Pronto cumpliré cinco años en mi nuevo puesto como directivo de la Organización Internacional de Viajeros Frecuentes. Ahora mismo, mientras escribo esta historia, viajo hacia el aeropuerto de Nueva York, donde me harán un homenaje por estos años de servicio. Espero tener tiempo para pasar primero a bañarme y saludar a mi amigo de los baños de la Terminal B. Mientras me bañe le contaré que voy a recibir un aumento de sueldo y que quizás pronto me nombren segundo vicepresidente de la Asociación Internacional de Viajeros Frecuentes. Le contaré que me merezco eso, pues en estos años he hecho un gran trabajo para mejorar la vida de los viajeros frecuentísimos.
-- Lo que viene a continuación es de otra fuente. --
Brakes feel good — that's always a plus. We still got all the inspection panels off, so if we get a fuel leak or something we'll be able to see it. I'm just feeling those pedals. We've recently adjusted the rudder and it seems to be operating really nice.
He trabajado como reclutador de viajeros primerizos animándolos a echar monedas en fuentes y tomarse fotografías en monumentos históricos. He sido ángel y hada en la entrega de los primeros premios que recibe todo miembro de nuestra gran familia: el Gran Premio de Verano y el de Primavera. He organizado cien actividades culturales en aeropuertos y doscientas conferencias con escritores durante vuelos transatlánticos. Hasta conseguí que el Banco Aéreo de Bélgica fundase un Fondo Internacional de Monedas Arrojadas en Fuentes para Viajeros Desvalidos. Y diseñé los primeros dispositivos portátiles electrónicos para conservar las fotografías sin necesidad de utilizar álbumes y tener que cargar con ellos.
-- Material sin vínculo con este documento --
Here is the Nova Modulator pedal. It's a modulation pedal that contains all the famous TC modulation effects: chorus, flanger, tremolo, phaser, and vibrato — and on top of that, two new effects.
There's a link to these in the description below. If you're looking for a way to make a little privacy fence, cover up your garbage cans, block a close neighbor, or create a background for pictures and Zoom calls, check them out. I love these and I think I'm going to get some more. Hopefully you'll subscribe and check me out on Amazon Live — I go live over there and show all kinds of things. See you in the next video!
En fin, le contaré a mi buen amigo que soy el mejor viajero de la historia, aunque le diré también que esta vida no está hecha para cualquiera, pues exige muchos sacrificios y muchas renuncias. Eso sí, creo que lo mejor será no contarle que hace unos meses recibí una carta muy curiosa. Esta vez no era una carta de mi exnovia Anacoluta. Ni siquiera sé si debería llamarla carta. Era más bien un sobre muy pequeño con estampillas postales de Grecia. Dentro del sobre había sólo una fotografía que mostraba un grupo de hermosas casitas blancas junto a un mar azul muy intenso. Frente a una de las casitas sonreía un hombre sentado en una silla, radiante como el sol que brillaba sobre su cabeza. Todavía no me he atrevido a pedir una lupa para mirarlo más de cerca, pues estoy casi seguro de que ese hombre feliz es el Gordo Pelosi. Se ve un poco más delgado, tiene la piel muy bronceada y una sonrisa de verdadero triunfador. No alcanzo a ver sus ojos, pero puedo imaginar que en ellos brilla algo parecido a la libertad. Detrás de la foto hay solamente dos palabras escritas con tinta morada. Saludos, colega.
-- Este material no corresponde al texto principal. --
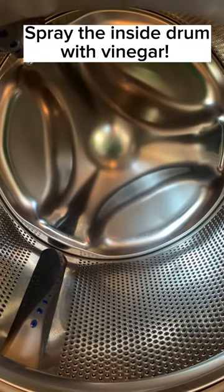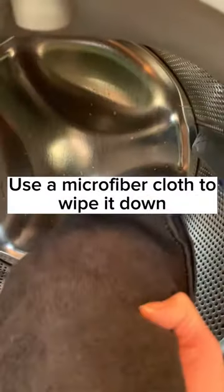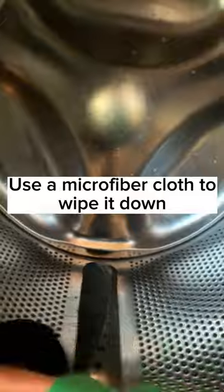First, you spray the whole inside of the drum with vinegar. Vinegar is an acid and will completely remove the soap scum. Then wipe it down with a microfiber cloth.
Todavía no reúno el valor suficiente para romper esa fotografía. A veces la miro y tengo miedo porque siento que el Gordo Pelosi es un fantasma que me mira desde un hermoso infierno que se parece mucho a un pueblecito griego. Otras veces siento rabia porque sospecho que el Gordo Pelosi nos engañó a todos y que escapó del viaje infinito al que estamos condenados los viajeros frecuentísimos. Entonces le tengo envidia, porque me parece que él sí tuvo el valor que yo nunca tuve para huir a tiempo de la Escala Tropecientos. La verdad es que ya no sé muy bien qué siento frente a esa fotografía. Algunas noches sueño que soy yo mismo quien sonríe feliz frente a una casita blanca donde cada mañana brilla el sol y de donde nunca más tendré que moverme.